Mimic 3
A fast, privacy-focused, open-source, neural Text to Speech (TTS) engine.
Mimic 3 is a neural text to speech engine that can run locally, even on low-end hardware like the Raspberry Pi 4. It is the default text to speech engine on the Mark II.
Mimic 3 was designed to run on the Raspberry Pi 4 (64-bit OS), but will also run on other platforms:
amd64
- AMD/Intel-based desktops/laptops
- Tested:
arm64
- Tested:
armv7l
- Raspberry Pi 1/2/3/4 and Zero 2 with 32-bit Pi OS
- Tested:
The performance of a text to speech system is often measured by its real-time factor (RTF). This is the ratio of how long it takes to generate audio to how long the audio is when spoken. In general, lower is better for RTF.
An RTF of 1 means that it took one second of compute time to generate one second of spoken audio. An RTF of 0.5 is better than 1, however, since the same second of spoken audio now only took half a second to generate.

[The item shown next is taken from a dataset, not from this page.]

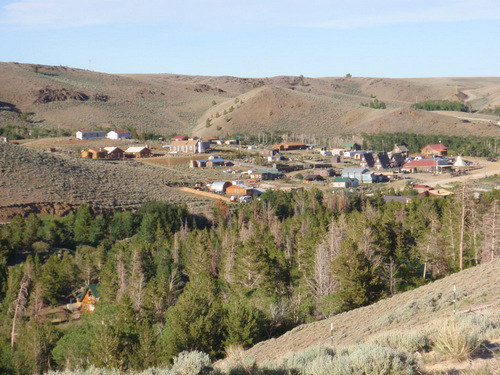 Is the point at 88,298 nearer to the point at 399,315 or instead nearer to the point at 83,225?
the point at 83,225

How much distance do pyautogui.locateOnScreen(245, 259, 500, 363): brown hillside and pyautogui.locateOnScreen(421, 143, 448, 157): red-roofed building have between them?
78594 millimetres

Device | Supported | Notes |
---|---|---|
Mark II | Full support | Default engine. Runs well locally. |
Mark 1 | Partial support | Runs slower than real-time because the Mark 1 contains a Raspberry Pi 3B. It is not recommended at this time. |
Picroft | Variable | Varies depending on the hardware. A Raspberry Pi 4 or better is recommended. |
- Linux
- Recommended: 64-bit Debian bullseye or Raspberry Pi OS
- Python 3.7+
- Recommended: Python 3.9
- Python packages
- System packages
libespeak-ng1
libatomic1
(32-bit ARM only)libgomp1
(32-bit ARM only)libatlas-base-dev
(32-bit ARM only)
Install the necessary system packages:
sudo apt-get install libespeak-ng1
On 32-bit ARM platforms (a.k.a.
armv7l
or armhf
), you will also need some extra libraries:sudo apt-get install libatomic1 libgomp1 libatlas-base-dev
Then, ensure that you're using the latest
pip
:mycroft-pip install --upgrade pip
Next, install the TTS plugin in Mycroft:
mycroft-pip install mycroft-plugin-tts-mimic3[all]
Removing
[all]
will install support for English only.Additional language support can be selectively installed by replacing
all
with a two-character language code, such as de
(German) or fr
(French). See setup.py
for an up-to-date list of language codes.mycroft-config set tts.module mimic3_tts_plug
or you can manually add the following to
mycroft.conf
with mycroft-config edit user
:"tts": {
"module": "mimic3_tts_plug"
}
A range of configuration options can be added to customize the Mimic 3 TTS output, for example:
{
"tts": {
"module": "mimic3_tts_plug",
"mimic3_tts_plug": {
"voice": "en_US/cmu-arctic_low", // voice key
"speaker": "fem", // default speaker
"length_scale": 1.0, // speaking rate
"noise_scale": 0.667, // speaking variablility
"noise_w": 1.0 // phoneme duration variablility
}
}
}
voice
- a Voice Key defining the TTS model to be used. You can find a list of all available Voice Keys on Github.speaker
- for multi-speaker voice models, the default speaker to be used. To hear all the speakers see https://mycroft.ai/mimic-3/length_scale
- controls how fast the voice speaks the text. A value of 1 is the speed of the training dataset. Less than 1 is faster, and more than 1 is slower.noise_scale
- the amount of noise added to the generated audio (0-1). Can help mask audio artifacts from the voice model. Multi-speaker models tend to sound better with a lower amount of noise than single speaker models.noise_w
- the amount of noise used to generate phoneme durations (0-1). Allows for variable speaking cadance, with a value closer to 1 being more variable. Multi-speaker models tend to sound better with a lower amount of phoneme variability than single speaker models.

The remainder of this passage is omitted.